◆ **Work request**:
Using the listing below, copy exactly each line from the one that has "(Torrijas) Fried bread" through the one that has "Old keys in isolated white background"; omit the pictures.

........

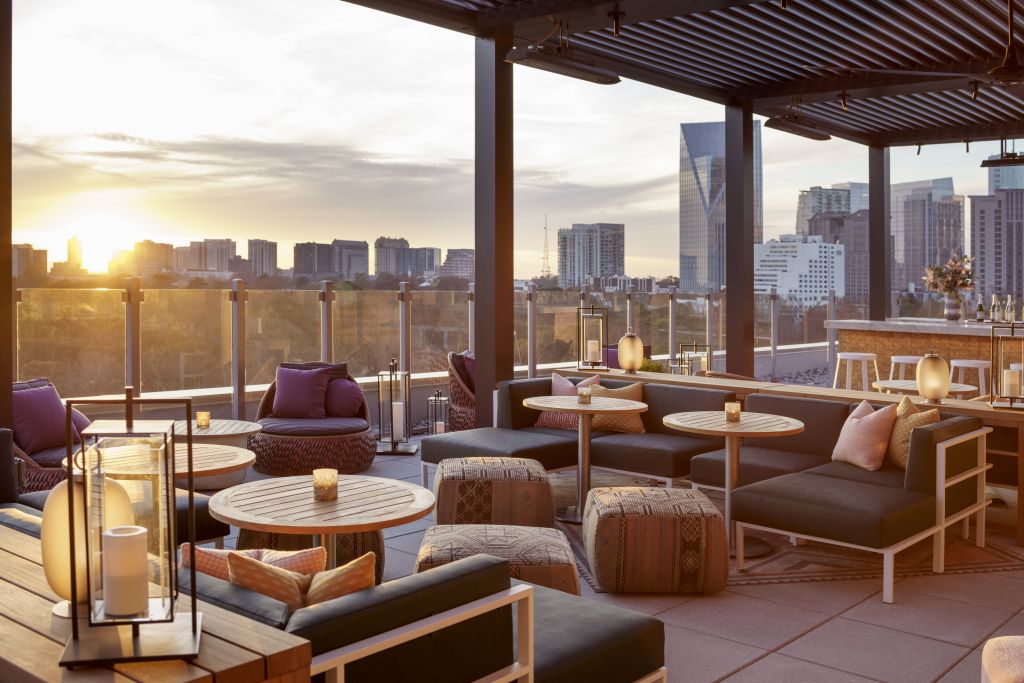 Couches and lounge chairs in front of an Atlanta skyline. 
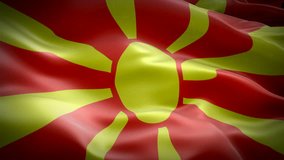 Macedonia flag video waving in wind. Realistic North Macedonian Flag background. Macedonia Flag Looping Closeup 1080p Full HD 1920X1080 footage. Macedonia EU European country flags footage video 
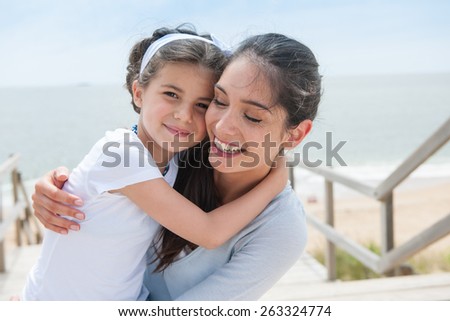 beautiful mom and her daughter at seaside smiling at camera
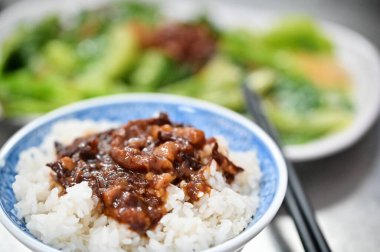 Lezzetli haşlanmış domuz pirinci, taze domuz eti ve soya sosunu birleştirir. Bu yemek, beyazlatılmış sebzelerin ferahlatıcı tadı, zenginlik ve tazeliği dengeleyen ışıkla tamamlanır..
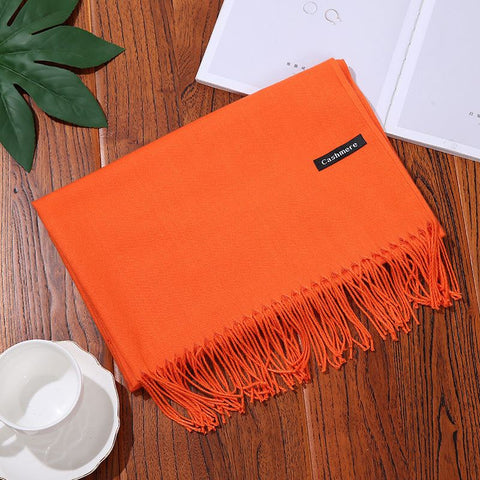 Orange designer scarf shawl on wooden table with books and teacup.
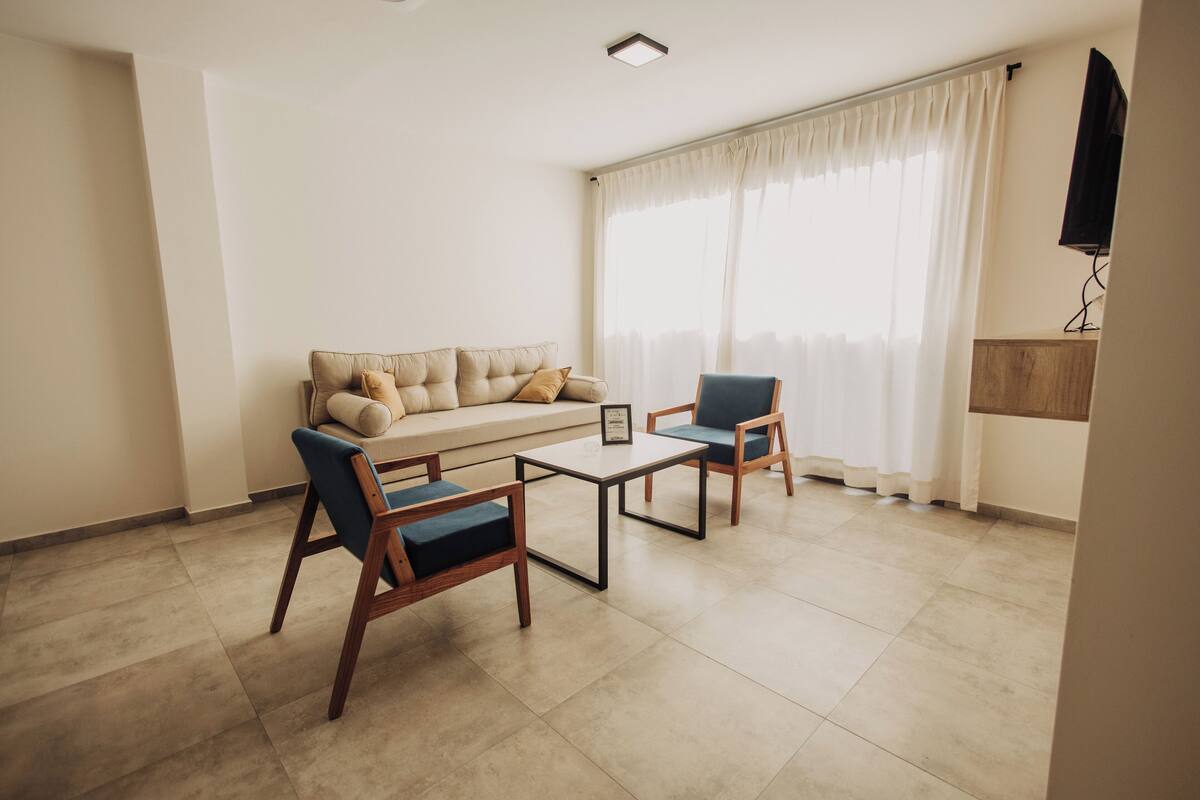 A living room with a sofa, two armchairs, a coffee table, and a TV mounted on the wall.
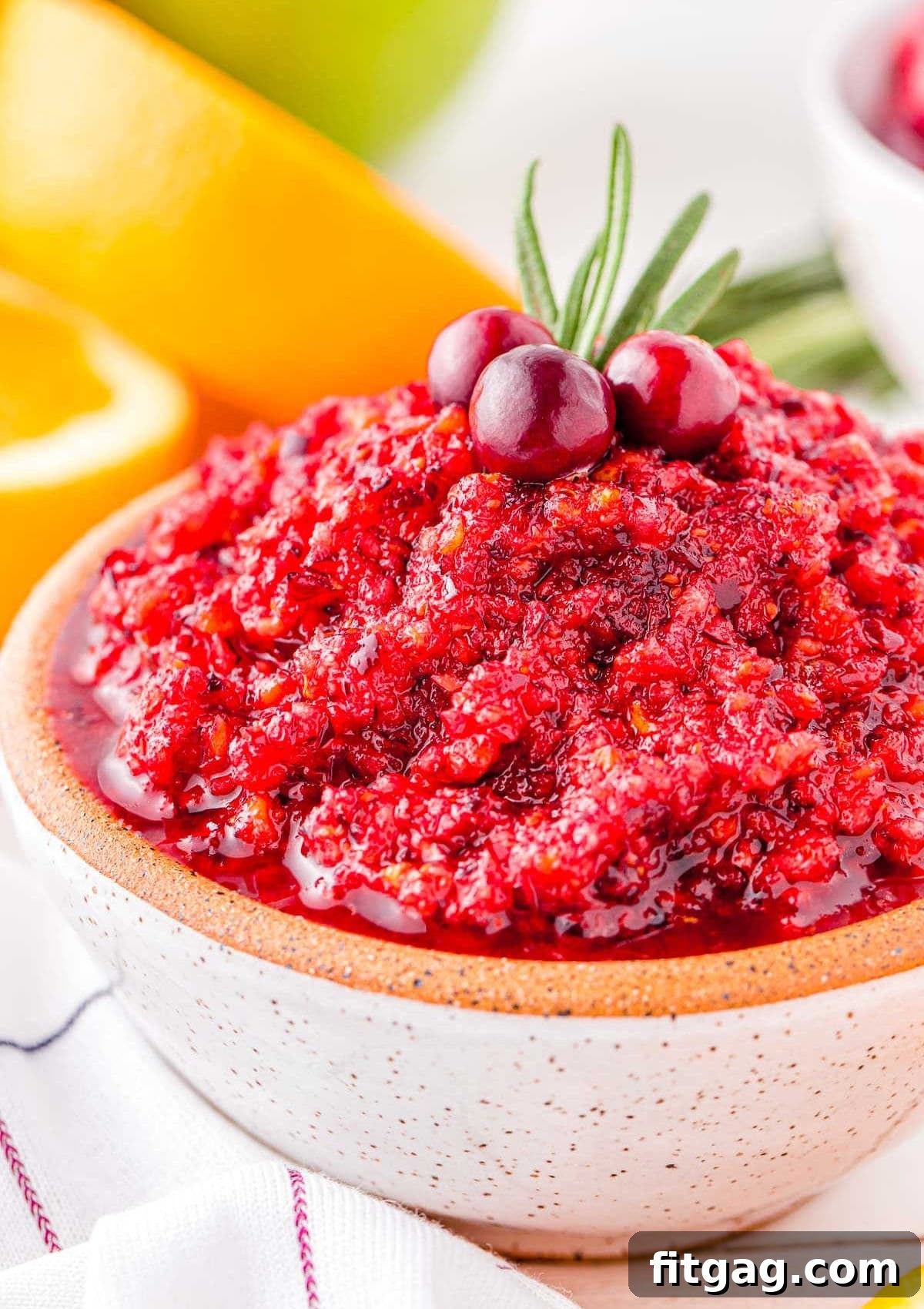 A small white bowl filled with vibrant cranberry orange relish, garnished with fresh rosemary and whole cranberries, ready to serve for a festive holiday meal.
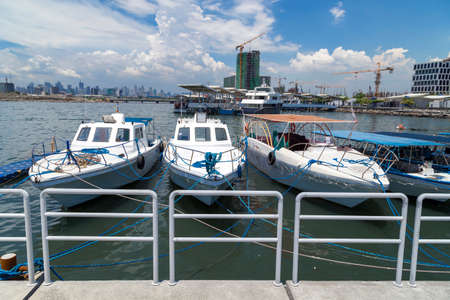 Anchored boats in Manila bay pier port, Pasay, Philippinesのeditorial素材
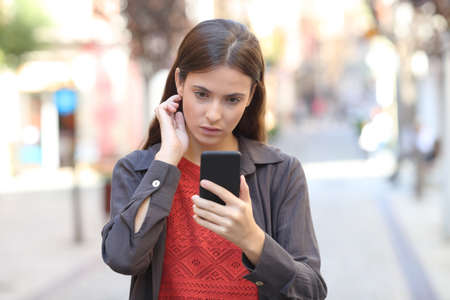 Front view of a serious girl using mobile phone touching hair walking in the streetの写真素材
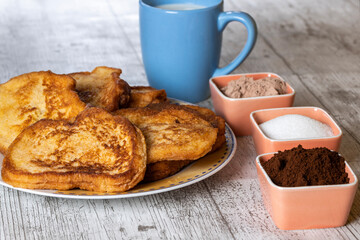 (Torrijas) Fried bread soaked in milk flavored with vanilla, cinnamon and lemon, and egg. Typical Easter sweet. Traditional and festive cuisine concept.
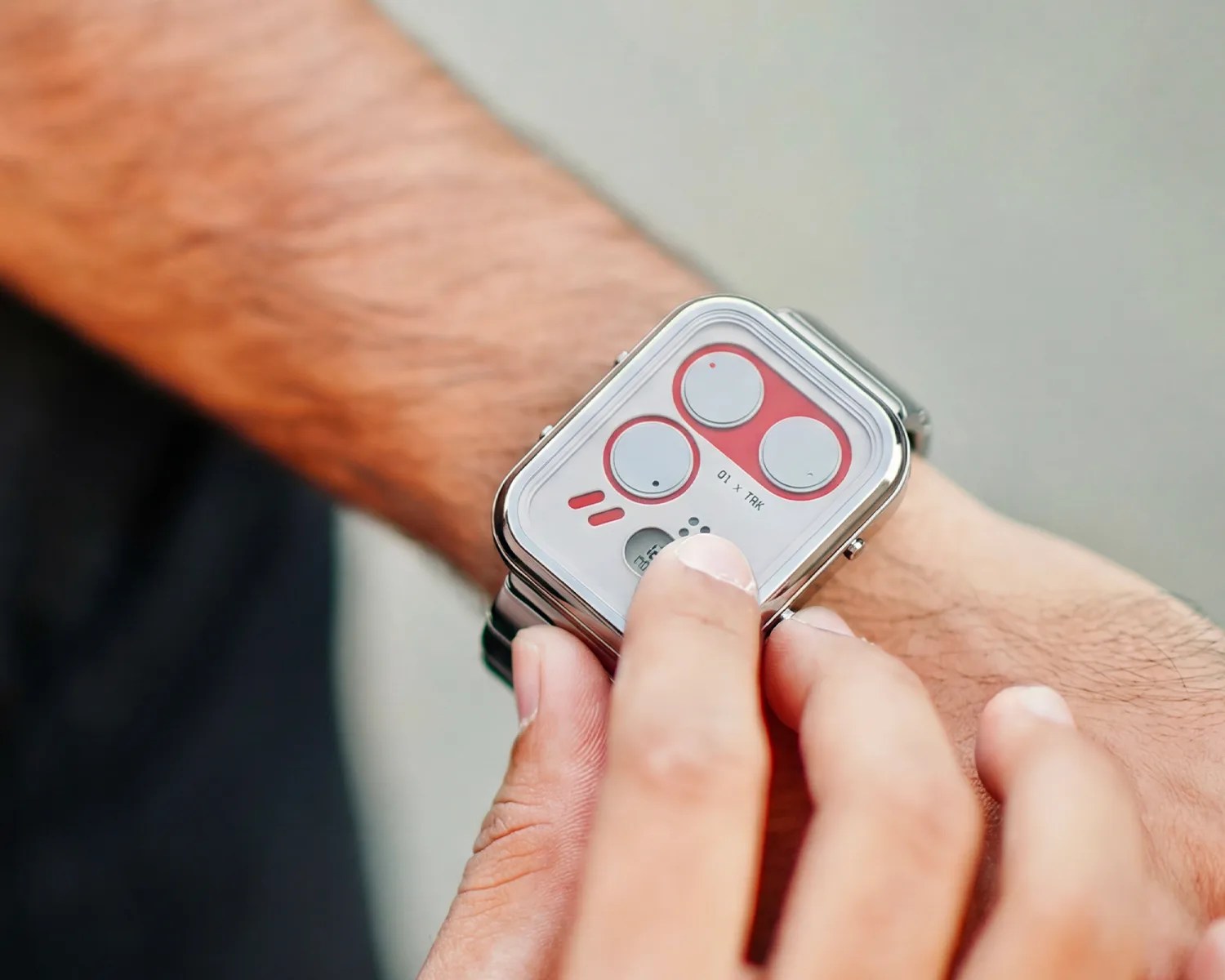Person wearing a silver watch with a white and red layout, finger touching the watch.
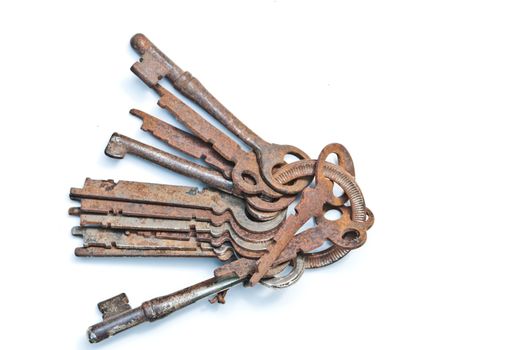 Old keys in isolated white background
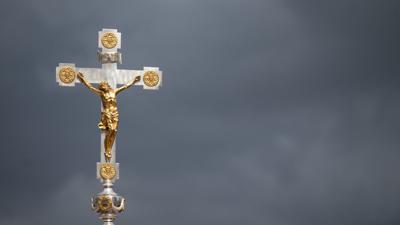 Dunkle Wolken über einem Kruzifix: Immer mehr Menschen nehmen Abstand von der Katholischen Kirche.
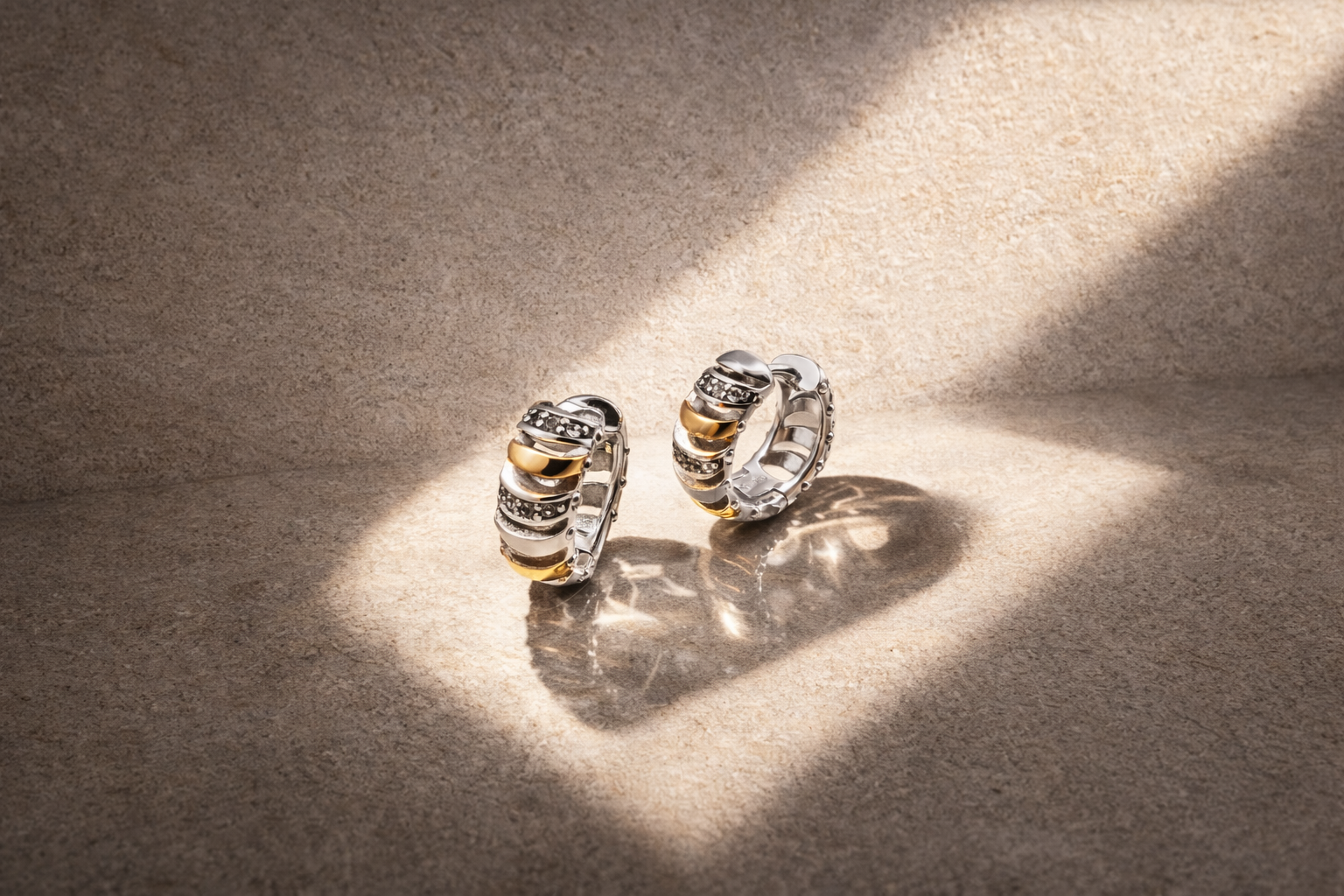 Gold and silver huggie earrings featured in a guide explaining how to clean earrings safely at home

........

◆ **Task result**:
 (Torrijas) Fried bread soaked in milk flavored with vanilla, cinnamon and lemon, and egg. Typical Easter sweet. Traditional and festive cuisine concept.
Person wearing a silver watch with a white and red layout, finger touching the watch.
 Old keys in isolated white background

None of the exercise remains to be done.